Increase people’s engagement with the collection through public programs, education activities, and national and international partnerships
1A.1 Deliver public programs, screenings and education activities both nationally and internationally
|75,000 visits to the organisation*
|13,500 people participating in public programs*
|20,000 students participating in school programs**
|90% of teachers reporting overall positive experience**
|90% of teachers reporting relevance to the classroom curriculum**
|NFSA Education Strategy successfully implemented
|Criterion source: Corporate Plan 2017–18 to 2020–21 page 5 and PBS page 161
*PBS 2017–18 target
** PBS 2017–18 target and DoCA KPI
What we achieved
In 2017–18 a total of 42,821 people participated in NFSA public programs, screenings and education activities, exceeding our annual target. Our programs offer a mix of screenings, presentations, live performances and events that reach audiences throughout Australia, including regional and remote communities as well as internationally.

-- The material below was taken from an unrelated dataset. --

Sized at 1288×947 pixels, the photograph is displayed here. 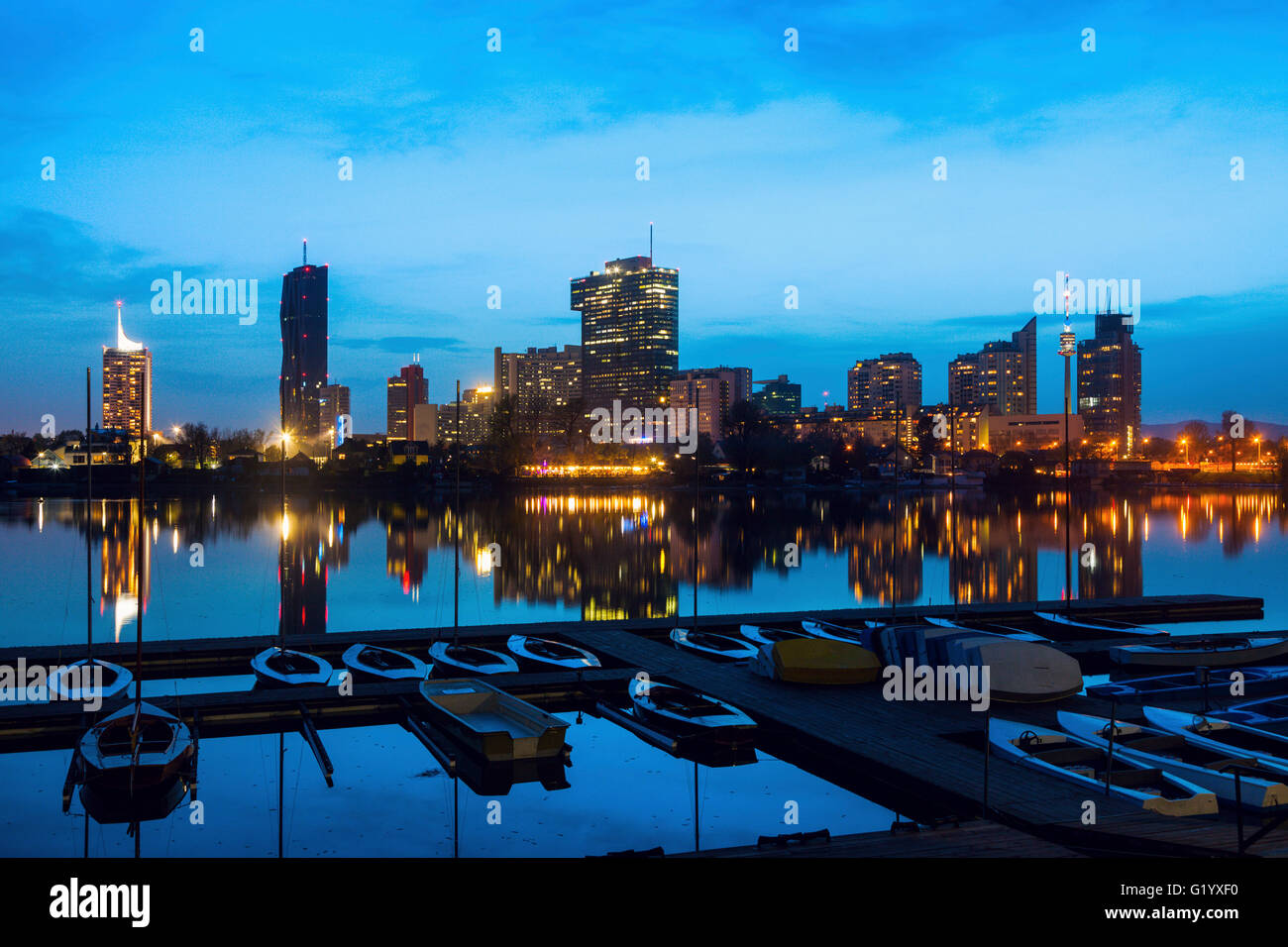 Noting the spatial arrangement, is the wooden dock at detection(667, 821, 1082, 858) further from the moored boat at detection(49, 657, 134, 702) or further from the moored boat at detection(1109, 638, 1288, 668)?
the moored boat at detection(1109, 638, 1288, 668)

The year 2017–18 saw the greatest profile to date for our NFSA Restores program, which digitises, restores and preserves classic Australian films to the highest archival standards, allowing them to be seen in today’s digital cinemas.
At the Melbourne International Film Festival 2017, we premiered our restoration of Shame (Steve Jodrell, 1988). The screening on 13 August was introduced by its star, Deborra-lee Furness, and supported by cast and crew from the production, including Jodrell and Simone Buchanan.
Digby Duncan’s camera captured the first Mardi Gras parade in 1978 and our restoration of her documentary Witches and Faggots, Dykes and Poofters (1980) enjoyed a sold–out screening at the Sydney Queerscreen Festival on 25 February 2018. The film enjoyed similar success at screenings in Canberra and Brisbane.
Our digital restoration of My Brilliant Career (1979) screened at the Sydney Film Festival 2018 on 13 June where NFSA Ambassador Margaret Pomeranz hosted a Q&A with director Gillian Armstrong. The film also screened at Arc cinema, where costume designer Anna Senior shared memories of the production.
We also debuted restorations of silent films including The Cheaters (Paulette McDonagh, 1929) and three films featuring Reginald ‘Snowy’ Baker—The Man From Kangaroo (Wilfred Lucas, 1919), The Sword of Valor (Duke Worne, USA, 1924) and The Empire Builders (Duke Worne, USA, 1924). The Cheaters premiered at Arc cinema in January with a live jazz score from musician Joe Dolezal. The three Snowy Baker films debuted at the Queensland Art Gallery and Gallery of Modern Art in Brisbane on Anzac Day, all three with a live score from pianist Mauro Colombis.
Our restorations toured the country with screenings of the documentaries For Love Or Money (Megan McMurchy, Margot Nash, Margot Oliver and Jeni Thornley, 1983), Rocking the Foundations (Pat Fiske, 1985) and My Survival as an Aboriginal (Essie Coffey, 1978).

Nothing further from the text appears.